When politicians hit the campaign trail and make sweeping policy statements, it's the press's role to call them out when their comments stray too far from reality. Basic questioning forces the candidates to stay honest. Fox News, though, reversed that traditional press role during an interview with Jon Huntsman this morning.
They brought up Huntsman's tweet from a few weeks ago, which said: "To be clear. I believe in evolution and trust scientists on global warming. Call me crazy." Fox's Brian Kilmeade took him up on that challenge, and questioned the veracity of climate-change research. Watch the exchange (video via GOP12):
Huntsman stood by his statement as Kilmeade pushed right-wing conspiracy theories about scientists manipulating studies. "We're not the ones taking grant money with scientists and making up results which hurt the cause," he said.
Despite Fox's fearmongering, there is no legitimate dispute among the scientific community on climate change. As The Washington Post's Brad Plumer explained, 97 percent to 98 percent of scientists in the field attribute the causes of global warming to humans. And contra Rick Perry, the consensus on humanity's role in climate change is increasing over time, as more and more evidence supports the conclusion that fossil-fuel emissions caused the uptick in the planet's temperature.

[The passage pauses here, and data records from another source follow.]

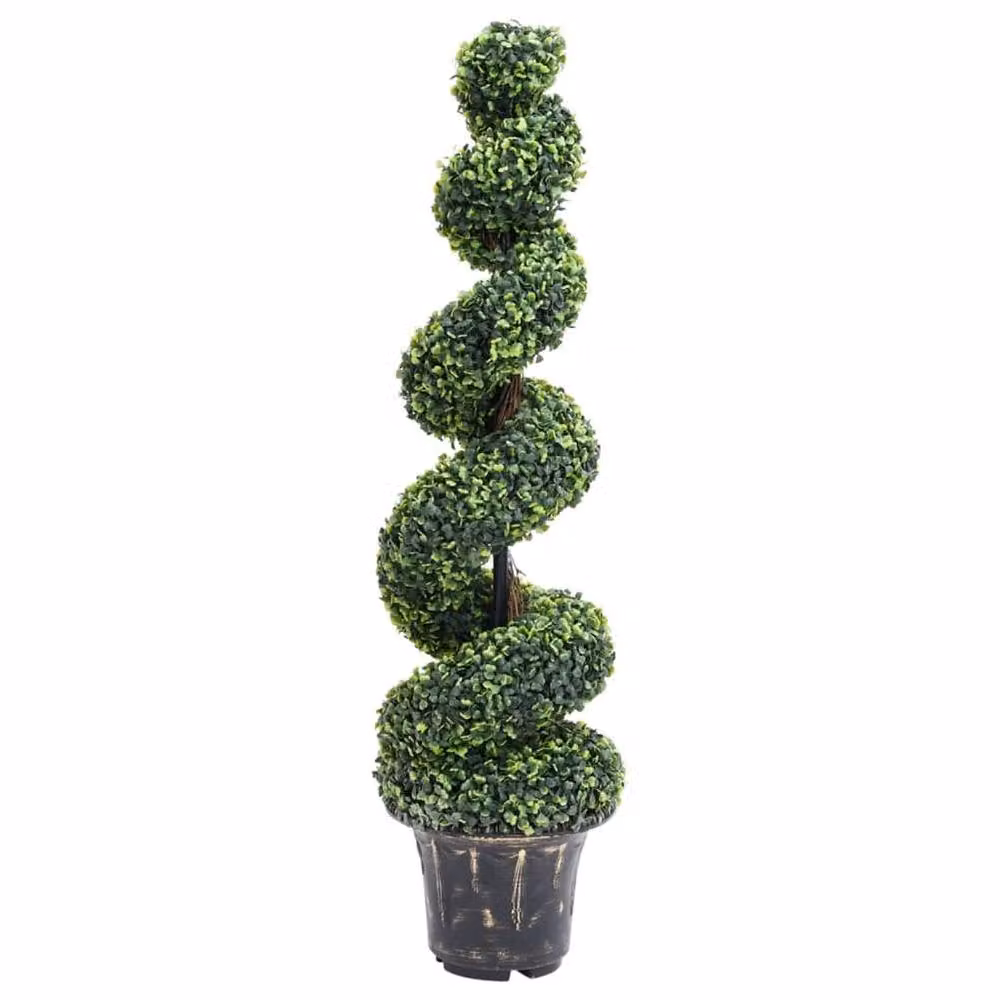 Berkfield Home Lush Artificial Boxwood Spiral Plant in Green with Pot, Height: 117 cm – 2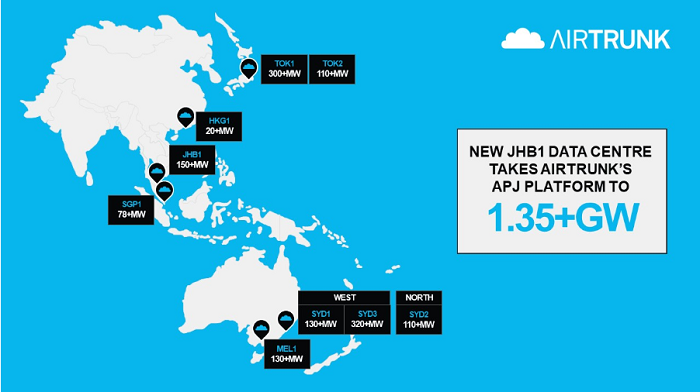 麦格理的 AirTrunk 进入马来西亚，在柔佛州新山拥有 150+MW 超大规模数据中心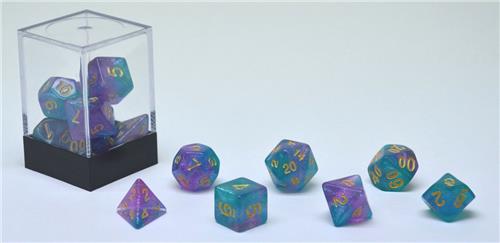 Dobbelstenen Stardust Aqua/Paars 7set brick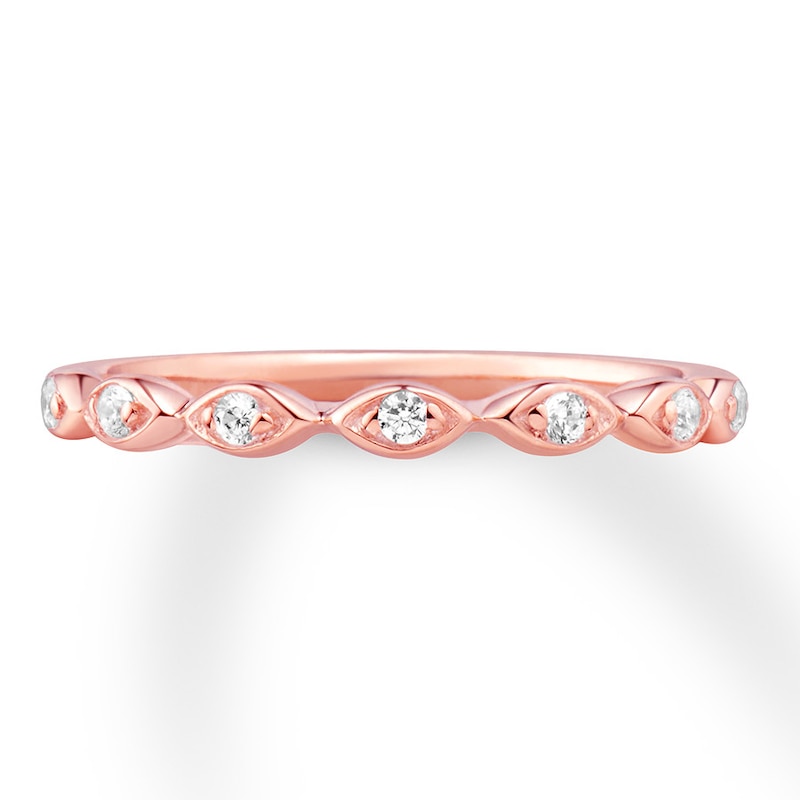 Previously Owned Diamond Wedding Band 1/10 ct tw Round-cut 14K Rose Gold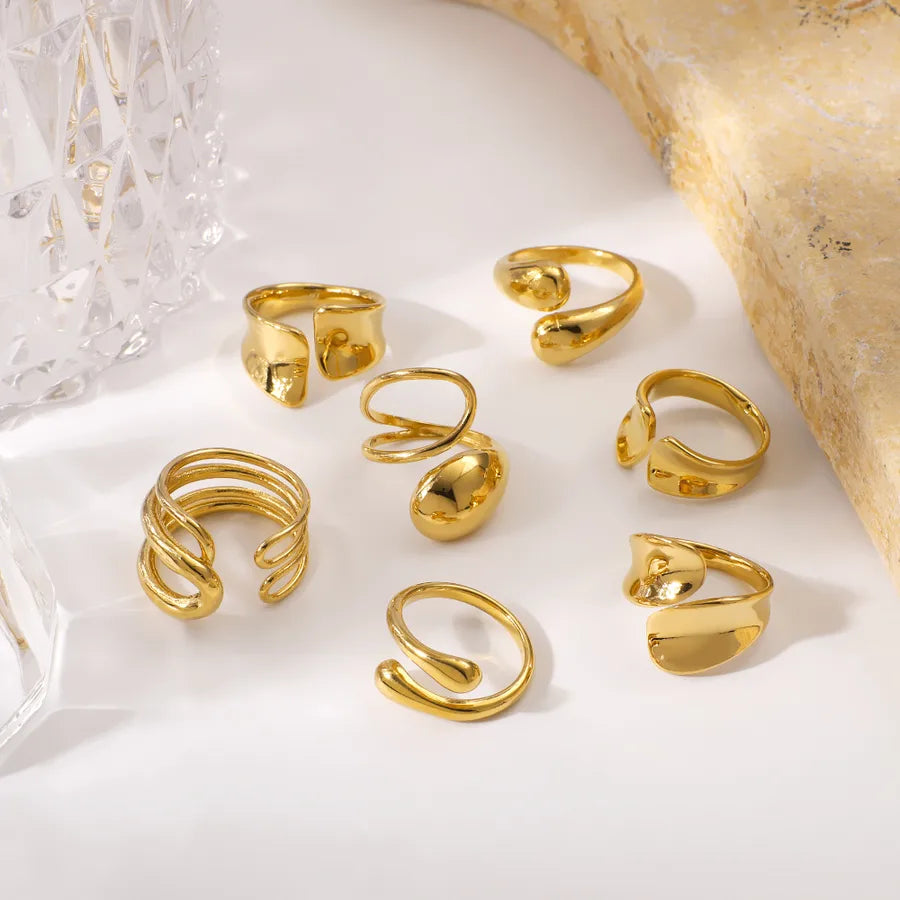 Anillo ajustable de acero 304 con diseño geométrico de gotas de agua - imagen 6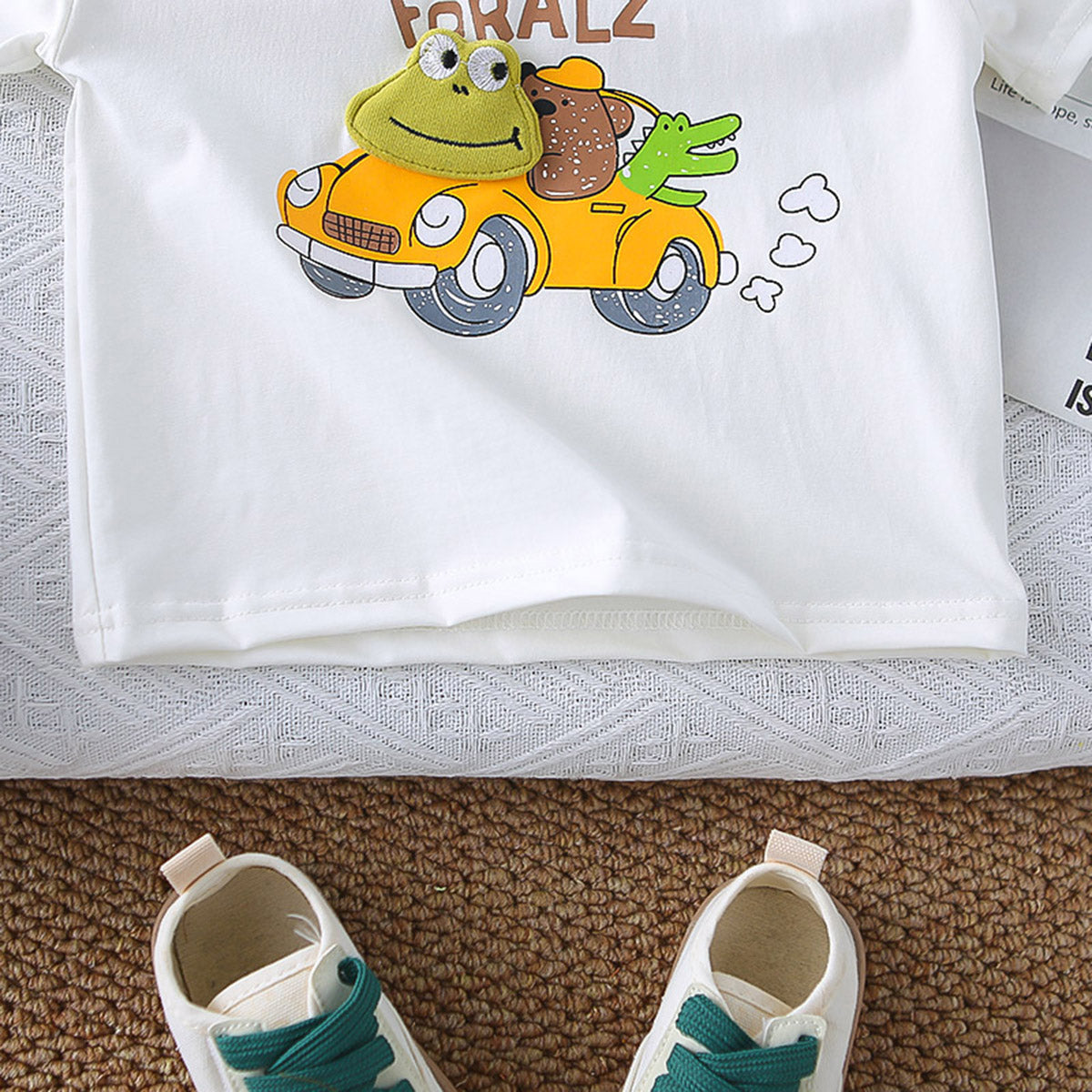 Boys White Car Printed Short Sleeves T-Shirt With Denim Shorts Set 2 pc. Sets
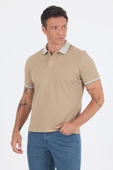 Koyu Bej Polo Yaka Kısa Kol Cepsiz Slim Fit :%100 Pamuk Tişört 1011250182 thumbnail 3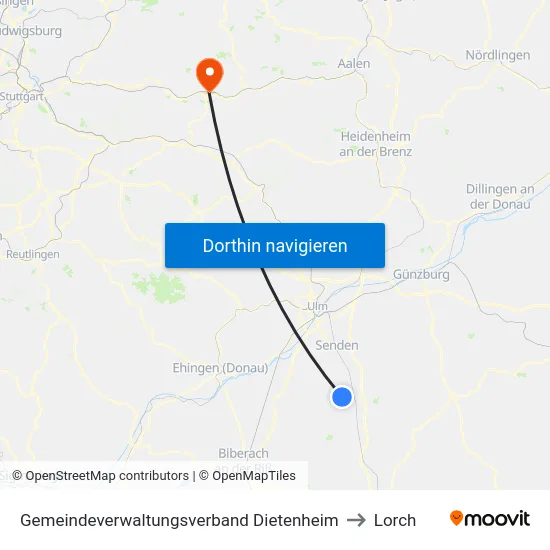 Gemeindeverwaltungsverband Dietenheim to Lorch map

There's been an astonishing lack of policy disagreements in the Republican 2012 field. The fringe candidates like Huntsman and Ron Paul are free to break out their own views, but the leading candidates all position themselves based on image (Mitt Romney loves business! Michele Bachmann hearts the Tea Party!). When it comes down to the nuts and bolts of how they would govern, the candidates stick to the same set of views, thanks to the extreme groupthink pushed by Fox News and the Tea Party base. When a candidate like Huntsman dares to question that doctrine, he gets pushed further from the mainstream.